As luck would have it, a letter appeared in the Cascadia Weekly today that is a rebuttal to the Ken Wilcox letter just posted above. The rebuttal letter is by Mitch Friedman, a conservation activist that currently works for Conservation NW. Mr. Friedman makes several valid points and his letter merits reading because it tells more of the CMPD story than what Ken Wilcox wants the public to know.

Mr. Friedman's letter, posted below, spells out the implausible naiveté feigned by Wilcox, et al, as well as the potential harm his inept group has done to legitimate conservation efforts in the area. Ironically, Mr. Friedman tries to paint the NSC as a Franskenstein, so either he didn't "get" the Skagit Valley Herald's cartoon, or he is taking a swipe at the NSC, you be the judge. Regardless of that point, Mr. Friedman does a pretty good job in highlighting some of the CMPD follies and ill-will they have created throughout the community.


Mitch Friedman Letter in the Cascadia Weekly 27Aug2008
http://www.cascadiaweekly.com/pdfs/issues/200835.pdf

CMPD FAILURE THREATENS BLANCHARD

I was disappointed by the letter from Ken Wilcox regarding his proposed Chuckanut Mountain Park District. I have a lot of respect for Ken. But it’s time for the community to be aware that the CMPD campaign is going poorly. Ken’s letter covers up that reality while casting blame in every direction but his own.

We all love the Chuckanuts, with superlative ecological, scenic and recreational values. These are threatened by a mix of logging and urbanization. I think the answer is to protect key areas like the upper slopes of Blanchard Mountain and the steep areas of the Lake Whatcom watershed, while working with timber interests on the remainder to both prevent development and find more acceptable logging methods.
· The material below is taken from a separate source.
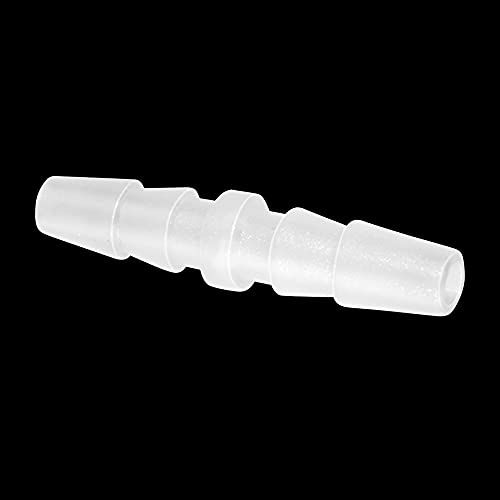 Feelers 1/4" x 1/4" Plastic Hose Barb Fitting 15 Pack, Equal Barbed Splicer Connector, Straight Union Adapter for Aquarium, Air Line, Fuel Line, Liquid Transfer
A progressive community like Bellingham should support production of wood products near town, just as we support local farming. Otherwise timberlands are fated to become either parks or subdivisions, mostly the latter, and timber demand pushes logging into remote wild areas and the
Third World.

When Ken’s CMPD group came along, I was a bit unclear about their goals and somewhat skeptical of their strategy. Still, I have admired the audacity of their vision and been interested to see how the effort would progress. It seemed they started off well and had an impressive petitioning effort, but the campaign has since stumbled badly.

The effort catalyzed a counter movement: the North Sound Conservancy arose to oppose the tax involved with the CMPD. A key principle of any campaign is to mobilize support without inciting opponents to mobilize. We don’t need a panel of Olympic judges to score how NSC has outperformed the CMPD. By any measure—attendance at public hearings, comments to online blogs, letters in newspapers—NSC backers are more motivated and better organized.

After the NSC vastly outnumbered the CMPD at a meeting of the Skagit Boundary Review
Board, I was alarmed to hear Ken claim his group didn’t expect that process to be political. As implausibly naïve as the excuse seemed, it was obsolete when the ordeal was repeated before the Whatcom Boundary Review Board at a hearing in Bellingham, where CMPD supporters should have easily been mobilized. Both commissions consequently voted unanimously against the CMPD.

The latest blow came when a judge ruled for NSC, invalidating the CMPD’s petitions. Ken’s letter to the Weekly explains how that ruling is the fault of the press, county prosecutors, Karl Rove, and perhaps even underage Chinese gymnasts. When Ken wrote that the CMPD was never notified of this-and-that and was misled at turns, I had to agree with his characterization of all this as “strange.” I’ve been through a lot of court cases and know the system operates according to well-established rules. Some just play better than others under those rules.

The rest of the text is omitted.